Pierre's wartime atrocity and his cold-hearted willingness to protect himself at any cost in the present are unlikely to endear him to the audience. On the other hand, the nature of the conspiracy against him by sinister forces, his failing health, and his sincere, if somewhat pathetic, religiousness render him an individual of some ambiguity. In the end, while Livi and Roux are the characters the viewer will naturally root for, Brossard will attract some small amount of sympathy because, perhaps, it's the popular Michael Caine in the role.

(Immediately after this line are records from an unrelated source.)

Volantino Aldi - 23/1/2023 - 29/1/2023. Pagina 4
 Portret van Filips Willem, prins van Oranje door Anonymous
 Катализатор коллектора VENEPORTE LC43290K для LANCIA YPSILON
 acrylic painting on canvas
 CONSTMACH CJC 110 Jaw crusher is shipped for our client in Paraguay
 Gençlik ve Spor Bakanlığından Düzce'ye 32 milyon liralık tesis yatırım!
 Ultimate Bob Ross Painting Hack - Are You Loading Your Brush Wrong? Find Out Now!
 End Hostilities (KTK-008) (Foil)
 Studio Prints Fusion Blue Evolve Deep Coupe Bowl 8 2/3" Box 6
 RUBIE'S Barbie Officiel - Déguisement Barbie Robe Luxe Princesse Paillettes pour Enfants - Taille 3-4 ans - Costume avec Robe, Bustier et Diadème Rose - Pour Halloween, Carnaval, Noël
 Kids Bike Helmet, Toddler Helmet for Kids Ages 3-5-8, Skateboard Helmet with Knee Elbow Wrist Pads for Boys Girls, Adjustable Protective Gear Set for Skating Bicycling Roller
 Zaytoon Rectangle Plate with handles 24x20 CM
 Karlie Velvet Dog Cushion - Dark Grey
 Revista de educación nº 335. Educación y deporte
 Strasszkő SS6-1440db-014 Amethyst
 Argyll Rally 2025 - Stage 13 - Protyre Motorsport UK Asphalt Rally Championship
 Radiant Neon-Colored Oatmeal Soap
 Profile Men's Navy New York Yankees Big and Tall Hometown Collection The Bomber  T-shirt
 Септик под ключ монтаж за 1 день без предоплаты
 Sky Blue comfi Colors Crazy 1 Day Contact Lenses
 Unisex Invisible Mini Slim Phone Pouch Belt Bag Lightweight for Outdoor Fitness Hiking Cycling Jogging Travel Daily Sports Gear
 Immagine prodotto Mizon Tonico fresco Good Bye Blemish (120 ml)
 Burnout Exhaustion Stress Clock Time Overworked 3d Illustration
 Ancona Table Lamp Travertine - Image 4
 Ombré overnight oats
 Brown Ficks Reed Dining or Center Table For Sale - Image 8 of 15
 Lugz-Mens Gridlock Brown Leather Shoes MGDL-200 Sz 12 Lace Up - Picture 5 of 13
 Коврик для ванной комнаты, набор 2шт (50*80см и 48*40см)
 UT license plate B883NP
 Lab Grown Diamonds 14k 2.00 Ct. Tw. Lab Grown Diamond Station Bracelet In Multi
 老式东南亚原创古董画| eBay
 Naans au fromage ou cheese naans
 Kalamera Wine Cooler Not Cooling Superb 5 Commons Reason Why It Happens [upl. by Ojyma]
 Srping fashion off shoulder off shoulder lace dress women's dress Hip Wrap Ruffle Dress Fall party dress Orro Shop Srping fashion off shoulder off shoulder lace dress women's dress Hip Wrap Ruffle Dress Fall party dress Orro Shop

For me, the biggest problem with this otherwise reasonably intelligent film is the casting. Caine's Cockney British accent is never entirely submerged, and the other main roles have gone to Brits, most obviously Northam and Swinton. This is, after all, supposed to be France, but it might as well have been rural Hampshire! And it's never made clear why both the Church and powerful members of the government found it necessary or desirable to protect such a low-level Vichy functionary for so long anyway. Some conspiracies play better as fiction, and the Church is an ever-popular villain, especially if the Jesuits or a rogue cardinal or two are involved.
THE STATEMENT justly rates three stars, but I'm bumping it up a notch solely for Caine's performance (despite the accent). Northam and Swinton are also both effective.
One of the DVD's special features is an interview with Michael, in which he reveals that he was attracted to the Brossard role simply because he's rarely asked to play an unpleasant character not softened by his trademark cheeky humor. (I guess he forgot about SHINER!)